After Nocturnal Projections and prior to his terribly slept-on solo period, Jefferies was in the undersung ‘80s band This Kind of Punishment. As part of New Zealand’s largely-Xpressway label-fostered lo-fi rock movement, Jefferies’ early post-TKOP work, specifically ‘87’s collaboration with Jono Lonie on Flying Nun At Swim Two Birds and ’90’s staggeringly brilliant The Last Great Challenge in a Dull World, put out on tape by Xpressway and LP/CD in the US by Ajax (reissued by De Stijl in 2013), presented a rare artistic vision that persists in reminding me of various roads not taken by post-VU John Cale.

Its follow-up Electricity initially materialized in ’94, and if it isn’t as amazing as Jefferies’ solo debut, it does rank higher than anything Cale’s done after Paris 1919. Including contributions from fellow Kiwis Shayne Carter of Straightjacket Fits and lo-fi ringers Robbie Muir of Plagal Grind and Bruce Russell of The Dead C, Electricity is a rigorous and rewarding effort pressed onto four sides of wax by Superior Viaduct.

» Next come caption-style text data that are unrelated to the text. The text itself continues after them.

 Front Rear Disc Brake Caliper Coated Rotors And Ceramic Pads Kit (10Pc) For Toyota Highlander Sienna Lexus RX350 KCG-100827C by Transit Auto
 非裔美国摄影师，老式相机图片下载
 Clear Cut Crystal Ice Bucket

Merge’s 2014-spanning ¼-century anniversary celebrating-reissue program unfolded impressively, but the highpoint might be the new edition of Suburban Light, its gorgeousness only increasing since it first appeared in 2000. And like the record above, it’s impossible to reconcile this LP minus the precedent of the 1980s, but moving forward Suburban Light excels at timelessness while Electricity is but one chapter in a run of highly personal expressiveness.

This is not to suggest The Clientele lack character; no, unlike that skeevy dude at the local tavern whose accent’s disappearance is directly proportional to the amount of drinks he consumes, Alasdair MacLean and company are legitimately British. It’s just that scores have subsequently tackled guitar-pop lushness as a career proposition. Thing is, basically nobody’s raised the bar.